Involvement of PIT-1-reactive cytotoxic T lymphocytes in anti-PIT-1 antibody syndrome.

PMID 24937538


Anti-pituitary-specific transcriptional factor 1 (PIT-1) antibody syndrome is characterized by acquired growth hormone (GH), prolactin (PRL), and thyroid-stimulating hormone (TSH) deficiencies associated with circulating anti-PIT-1 antibodies. Although autoimmunity to PIT-1 has been suggested as a pathogenesis, the precise mechanism of the syndrome remains unclarified. To elucidate the involvement of antibody- or cell-mediated immunity in anti-PIT-1 antibody syndrome. To investigate a direct effect of anti-PIT-1 antibody on pituitary cells, cell proliferation, and cytotoxicity detection assays were performed using patient serum. Enzyme-linked immunospot (ELISpot) assay was performed to evaluate the involvement of PIT-1-reactive cytotoxic T lymphocytes (CTLs). An immunohistochemical analysis using anti-CD4 or anti-CD8 antibody was performed to examine tissue infiltration by CTLs. Patient serum did not exhibit any inhibitory effect on cell proliferation and secretion of GH and PRL in GH3 cells. In addition, complement-dependent cytotoxicity was not detected in patient serum on GH3 cells or primary pituitary cells. The ELISpot assay revealed the presence of CTLs that specifically reacted to the recombinant PIT-1 protein in the patient's peripheral lymphocytes.

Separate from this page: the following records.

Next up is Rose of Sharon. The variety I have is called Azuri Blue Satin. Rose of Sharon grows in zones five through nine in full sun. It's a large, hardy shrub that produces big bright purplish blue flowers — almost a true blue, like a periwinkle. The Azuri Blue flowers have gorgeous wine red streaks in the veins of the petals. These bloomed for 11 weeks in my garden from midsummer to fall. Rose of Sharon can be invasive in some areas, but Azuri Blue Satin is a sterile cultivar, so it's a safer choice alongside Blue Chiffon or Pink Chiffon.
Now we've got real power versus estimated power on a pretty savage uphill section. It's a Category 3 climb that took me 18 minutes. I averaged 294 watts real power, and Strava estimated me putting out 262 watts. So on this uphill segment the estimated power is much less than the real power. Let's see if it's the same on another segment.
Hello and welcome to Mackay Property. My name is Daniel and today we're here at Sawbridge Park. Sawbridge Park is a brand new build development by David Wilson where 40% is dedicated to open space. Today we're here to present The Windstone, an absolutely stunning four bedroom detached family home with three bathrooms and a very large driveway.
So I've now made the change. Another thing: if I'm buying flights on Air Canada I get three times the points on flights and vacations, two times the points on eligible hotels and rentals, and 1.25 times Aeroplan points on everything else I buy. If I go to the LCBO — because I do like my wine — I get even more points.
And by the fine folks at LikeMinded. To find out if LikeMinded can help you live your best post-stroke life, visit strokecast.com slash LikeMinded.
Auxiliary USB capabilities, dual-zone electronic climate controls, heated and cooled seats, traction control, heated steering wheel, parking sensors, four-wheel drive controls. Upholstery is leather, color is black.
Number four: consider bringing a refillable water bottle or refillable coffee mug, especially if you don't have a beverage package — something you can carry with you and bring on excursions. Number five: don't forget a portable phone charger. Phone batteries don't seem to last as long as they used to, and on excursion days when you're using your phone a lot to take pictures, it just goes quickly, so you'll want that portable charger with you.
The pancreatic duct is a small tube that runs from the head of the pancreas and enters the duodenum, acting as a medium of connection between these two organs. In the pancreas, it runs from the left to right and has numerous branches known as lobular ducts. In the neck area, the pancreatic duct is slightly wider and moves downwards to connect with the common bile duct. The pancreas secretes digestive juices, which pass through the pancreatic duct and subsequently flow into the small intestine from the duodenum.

CD8(+) cell infiltrations, which is the characteristic of CTLs, were observed in the pituitary gland, adrenal gland, stomach, thyroid gland, liver, and pancreas of the patient with anti-PIT-1 antibody syndrome. These results suggest that the anti-PIT-1 antibody is not a cause but a marker of anti-PIT-1 antibody syndrome, in which CTLs play a pivotal role in the pathogenesis.